Sebastian’s debut memoir, ranging from a French boarding school to life in Texas, describes the near-death experience that prompted her belief in God.

As Unbelievable / And Even At Times Impossible / As They Might Seem / These Events Are All Real,” Sebastian claims in an overblown epigraph to her spiritual memoir. This might suggest a fantastical story, but it’s a straightforward, chronological account of Sebastian’s teens and 20s—with a mystical experience appended. The book begins with Sebastian leaving Spain for Largenté, a strict Catholic boarding school in southwest France. She deftly paints her falsely rosy picture of what an all-girls school would be like: “…pillow fights, girl chats by the Dorm’s fireplace, giggling in lacy gowns dreaming of a romantic future while braiding our hair.” Instead, arriving late on her first day, she was given penance for not addressing the nuns by proper titles. She quickly learned to stifle her individuality and perform rote actions unquestioningly. Influenced by Stoics and existentialists, Sebastian was melancholy until a new friend, Michelle, arrived from Houston. Intrigued by Michelle’s yearbooks, Sebastian decided to move to Texas after graduation. College presented a difficult decision between two suitors as well as much agonizing over evolution. Though unconvinced by the theory, Sebastian resisted the seeming alternative of superstitious religion—until a spring break car accident that should have killed her (she incurred multiple skull fractures and brain hematomas, as evidenced in the appendix’s medical reports) convinced her of God’s existence. Like Blaise Pascal, she had a mystical experience in which she heard Jesus speak. Sebastian vividly evokes each setting and remembers her teen angst with notable recreated dialogue, but the religious preoccupation feels like a hidden agenda.
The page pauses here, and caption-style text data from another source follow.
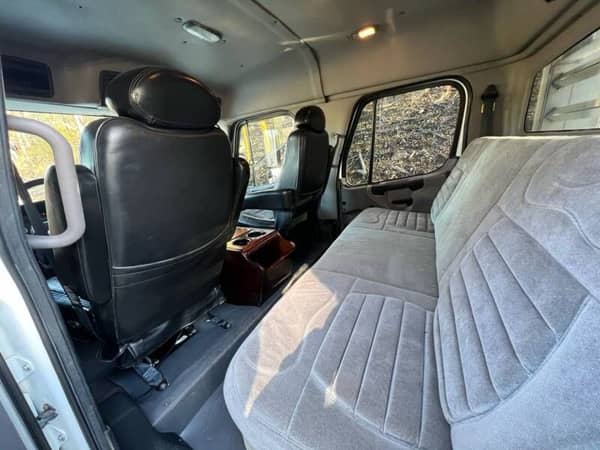 2004 FREIGHTLINER SPORTCHASSIS M2 CREW CAB 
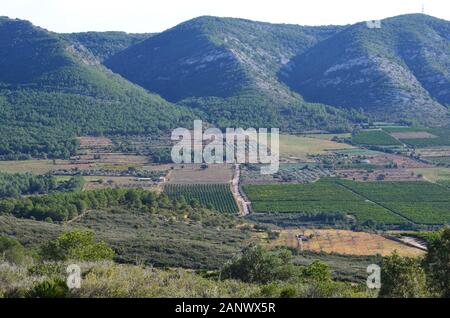 Vue panoramique sur la chaîne de montagnes de l’Irta (parc naturel de la Serra d’Irta) dans la région de Valence (est de l’Espagne) Banque D'Images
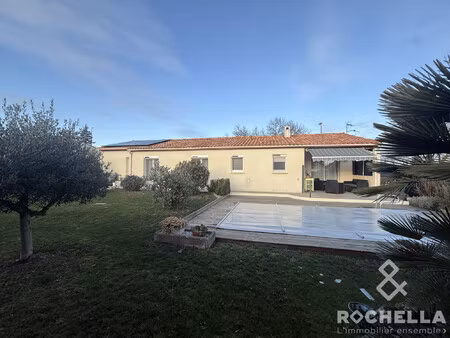 maison plain-pied avec piscine  jardin et garage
Still, she often writes lyrically, as when remembering “the blended mist of calming beauty and inner inquietude.” Possessives, plurals, verb forms, punctuation and capitalization pose problems—“The three of us joined the large group of girls going together towards the Hallway leading to the English Language class”—in addition to homonym slips and dangling modifiers; all could be ameliorated by a native speaker’s thorough edit. Additionally, translation of every French phrase feels superfluous.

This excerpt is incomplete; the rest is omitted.